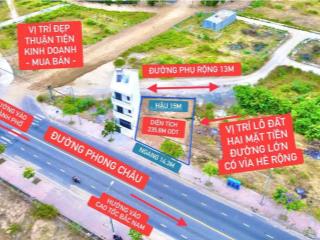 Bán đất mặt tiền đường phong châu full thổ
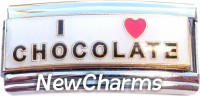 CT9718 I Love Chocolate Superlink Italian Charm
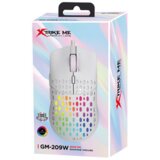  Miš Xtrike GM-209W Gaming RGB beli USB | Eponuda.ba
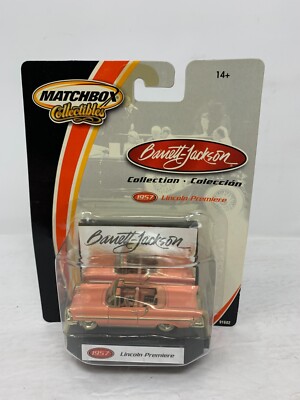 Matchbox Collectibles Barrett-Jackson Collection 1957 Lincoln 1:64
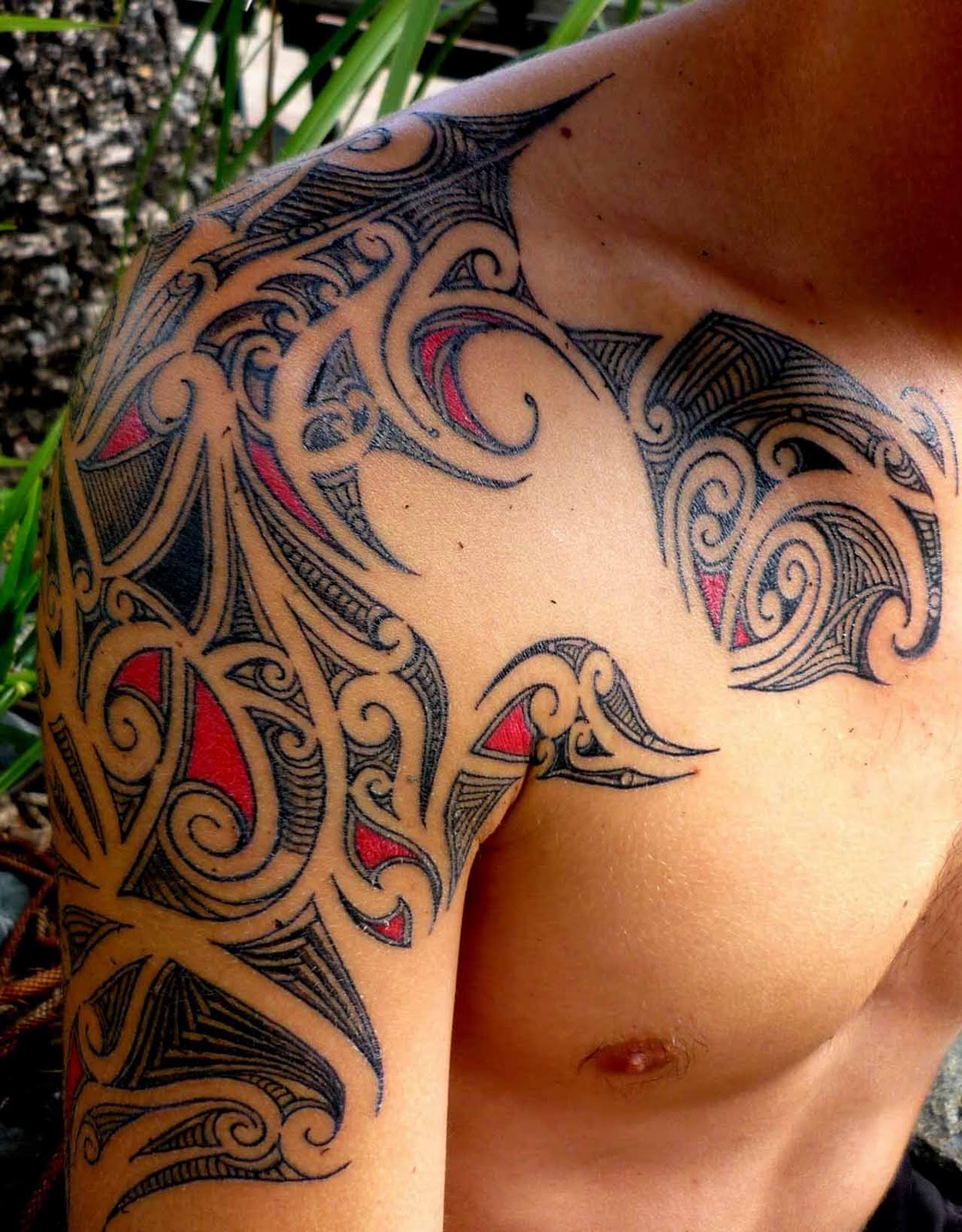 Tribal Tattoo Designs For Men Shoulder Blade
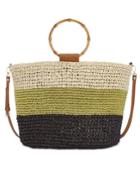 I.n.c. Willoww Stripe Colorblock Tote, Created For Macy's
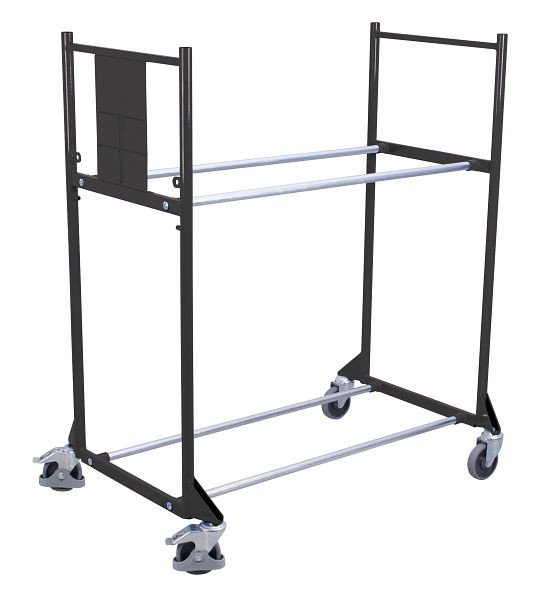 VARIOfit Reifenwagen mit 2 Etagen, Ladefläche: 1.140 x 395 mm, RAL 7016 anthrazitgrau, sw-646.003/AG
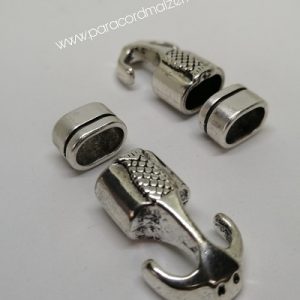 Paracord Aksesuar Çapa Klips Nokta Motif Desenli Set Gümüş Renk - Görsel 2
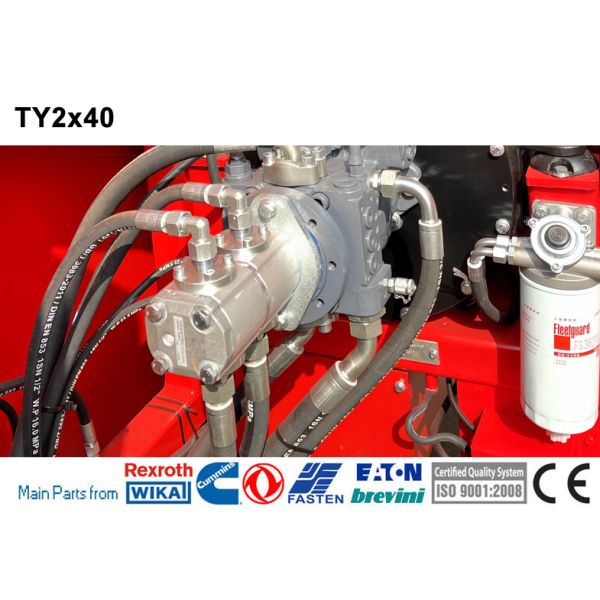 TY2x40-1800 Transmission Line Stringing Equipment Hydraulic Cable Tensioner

> _Work request_
From the opening line of the listing above through the line bearing "VARIOfit Reifenwagen mit", repeat each line exactly. Drop every picture.

> _Exercise output_
 Bán đất mặt tiền đường phong châu full thổ
 CT9718 I Love Chocolate Superlink Italian Charm
  Miš Xtrike GM-209W Gaming RGB beli USB | Eponuda.ba
 Matchbox Collectibles Barrett-Jackson Collection 1957 Lincoln 1:64
 Tribal Tattoo Designs For Men Shoulder Blade
 I.n.c. Willoww Stripe Colorblock Tote, Created For Macy's
 VARIOfit Reifenwagen mit 2 Etagen, Ladefläche: 1.140 x 395 mm, RAL 7016 anthrazitgrau, sw-646.003/AG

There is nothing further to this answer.